AUD/USD recovered back above its 50-day moving average near the 0.7200 level to test an uptrend that it broke below earlier in the week in the 0.7220s on Wednesday. The pair’s 0.6% rally from the 0.7180s makes the Australian dollar the best performer within the G10 on the day, with the antipodean currency having shrugged off a deterioration in Westpac’s Consumer Sentiment survey which was released during Asia Pacific hours. The headline sentiment index fell 2.0% MoM to 102.2, showing that optimism still outweighed pessimism by a small margin (a score above 100 shows more consumers are optimistic than pessimism). Westpac called the data a “remarkably resilient result” given the recent spread of Omicron, contrasting it with previous much larger deteriorations during “Covid-19 events” (prior outbreaks). This could well be supporting the Aussie.
Upside in base metals was a key driver of the Aussie’s outperformance on Wednesday. US copper futures are up over 2.0% on the day, whilst the Bloomberg Industrial Metals subindex, which tracks a basket of copper, zinc, aluminum and nickel prices, is about 1.8% higher.

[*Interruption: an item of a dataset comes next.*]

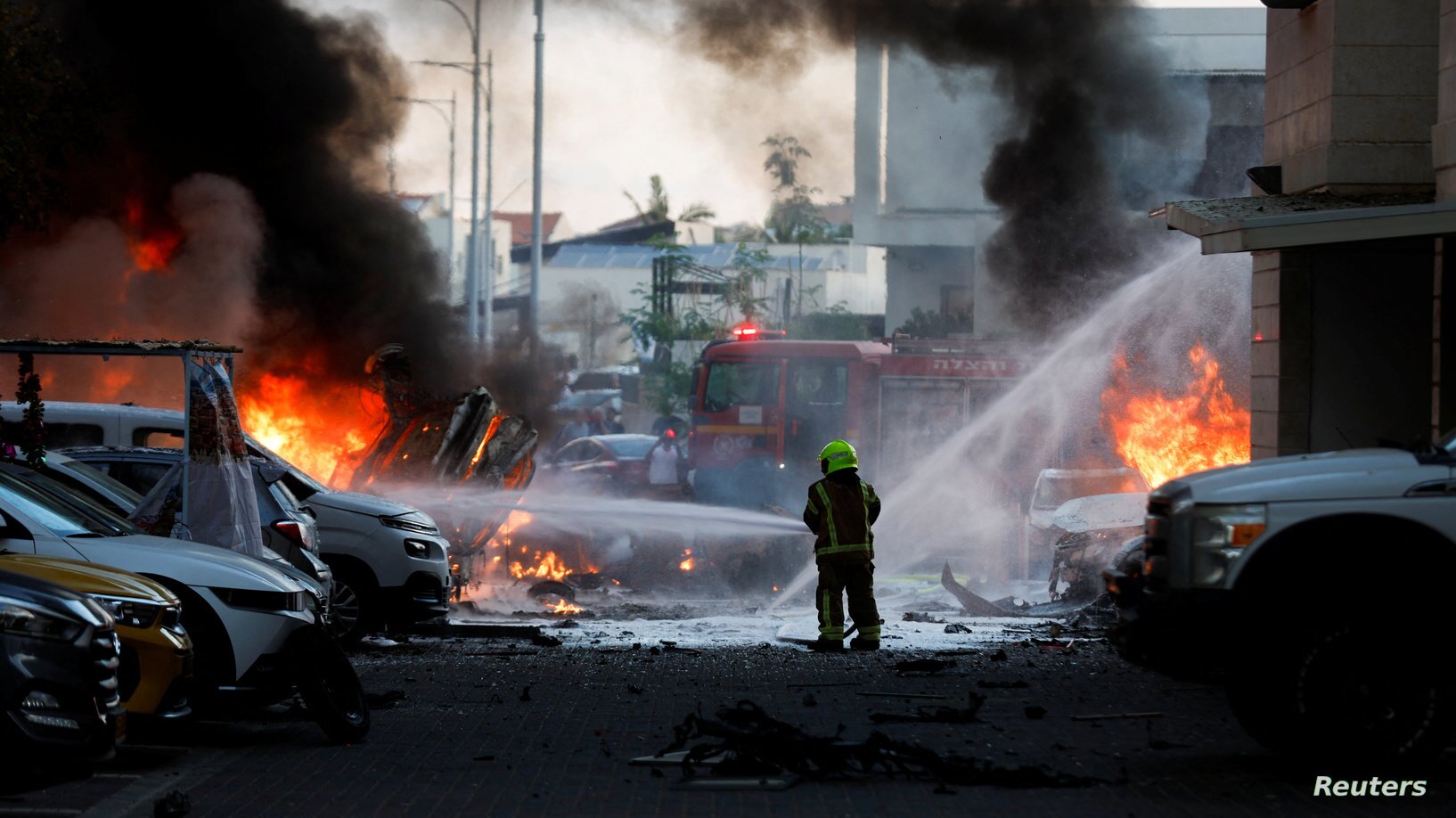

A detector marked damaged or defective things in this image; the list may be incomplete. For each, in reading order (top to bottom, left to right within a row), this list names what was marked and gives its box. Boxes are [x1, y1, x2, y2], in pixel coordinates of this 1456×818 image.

Iron ore futures also saw substantial gains in Chinese markets during Wednesday’s Asia Pacific session, with the complex deriving a boost not only from a weaker US dollar but also hopes for more monetary easing from the PBoC. The central bank’s vice governor Liu Guoqiang said on Tuesday that more policy measures would be rolled out to stabilise the economy, after surprising markets with a 10bps Medium-term Lending Facility rate cut on Monday.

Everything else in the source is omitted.